**** Provided information ****

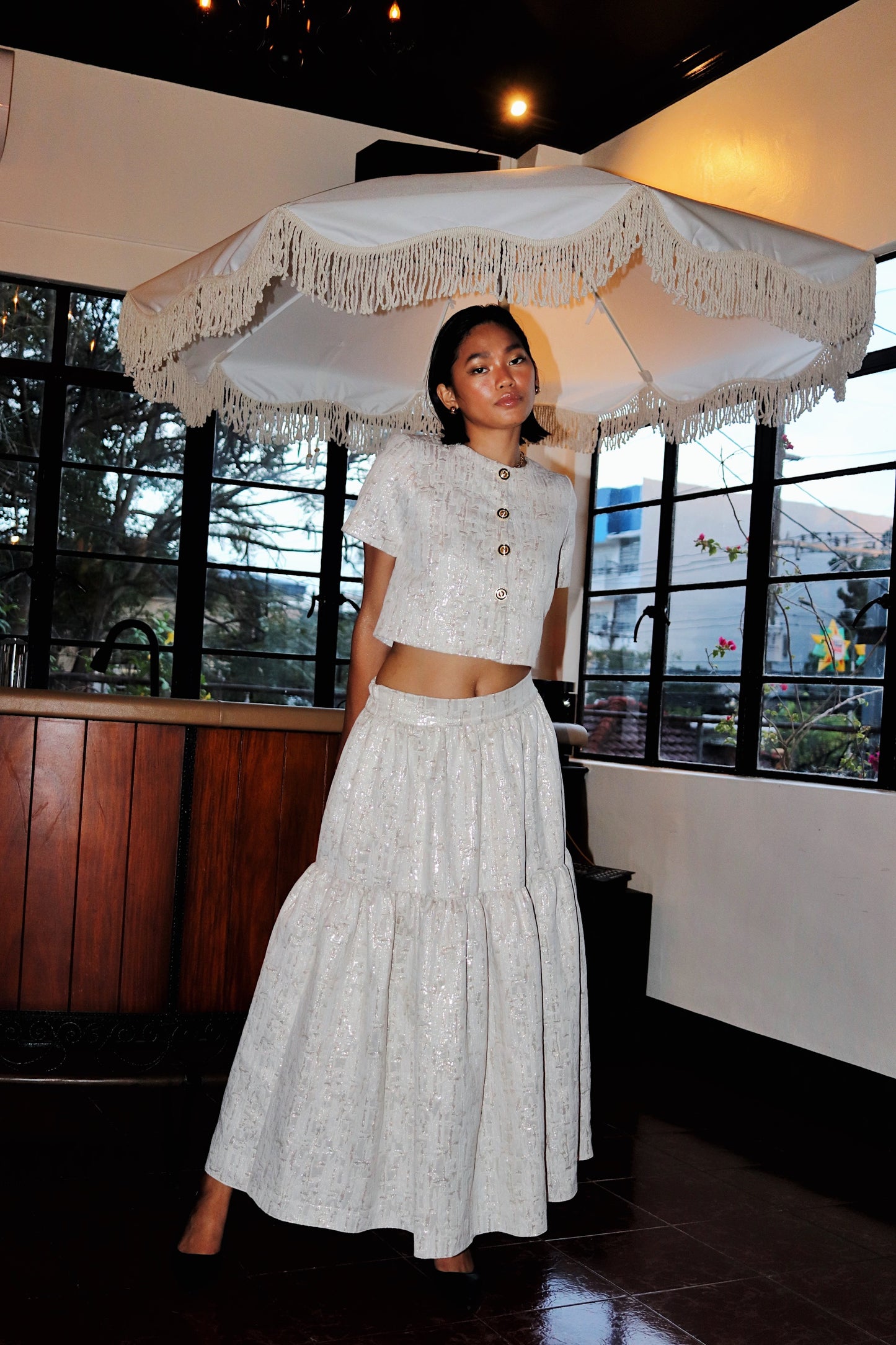 Meleanule Jacquard Coordinated Look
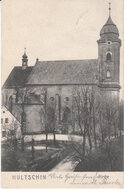 SILESIA Hultschin - Kirche, mailed circa 1909 Vintage Postcard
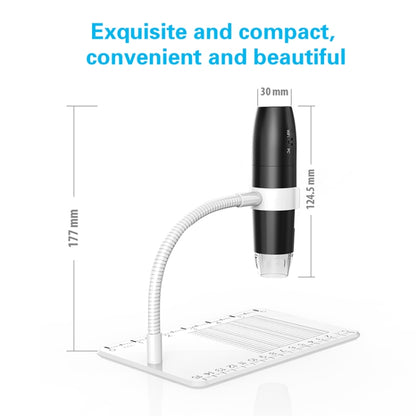 316 50-1000X Adjustable Smart Wifi USB Digital Microscope (Black) - Consumer Electronics by buy2fix | Online Shopping UK | buy2fix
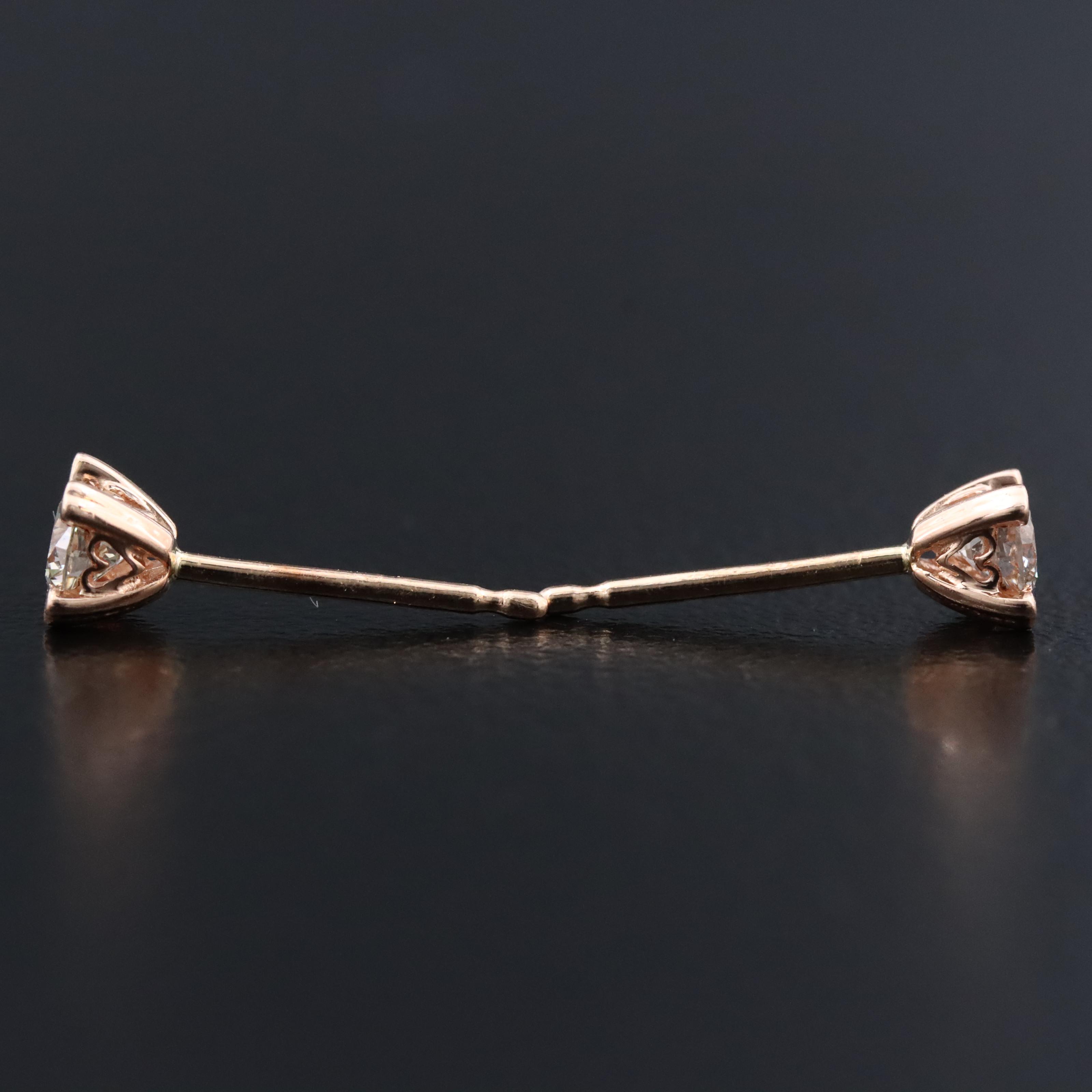 14K Rose Gold 0.22 CTW Diamond Stud Earrings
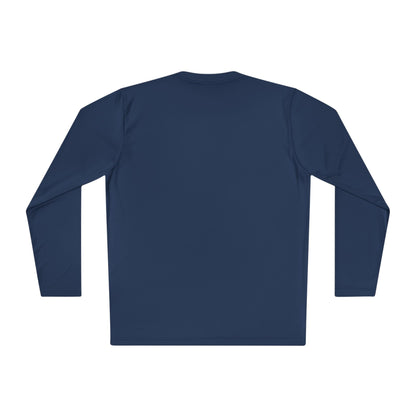 Minimalist | Unisex Long Sleeve Moisture Wicking Tee with Cross Design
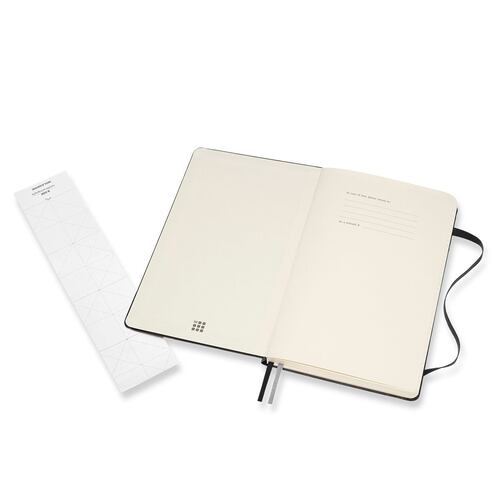 Libreta logbook art grande negra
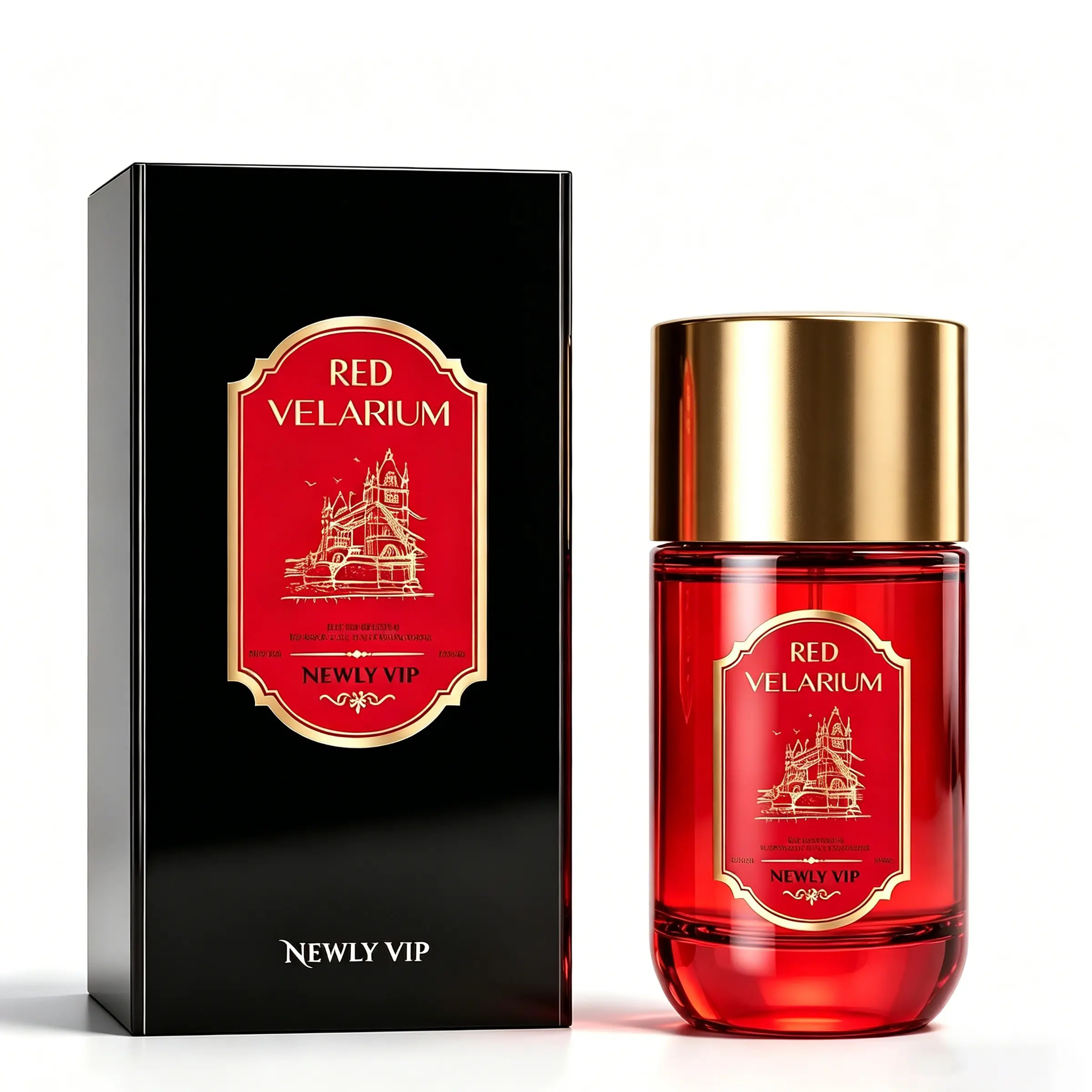 Saffron Jasmine Perfume for Women, Powdery Woody Floral Eau de Parfum 100ml – RED VELARIUM, Long-Lasting Fragrance, Gift for Her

****

Task: Print, exactly and only, the lines running from the line with "Minimalist | Unisex" through the last line of the data, including both. Skip any picture.

Completed exercise:
 Minimalist | Unisex Long Sleeve Moisture Wicking Tee with Cross Design
 Libreta logbook art grande negra
 Saffron Jasmine Perfume for Women, Powdery Woody Floral Eau de Parfum 100ml – RED VELARIUM, Long-Lasting Fragrance, Gift for Her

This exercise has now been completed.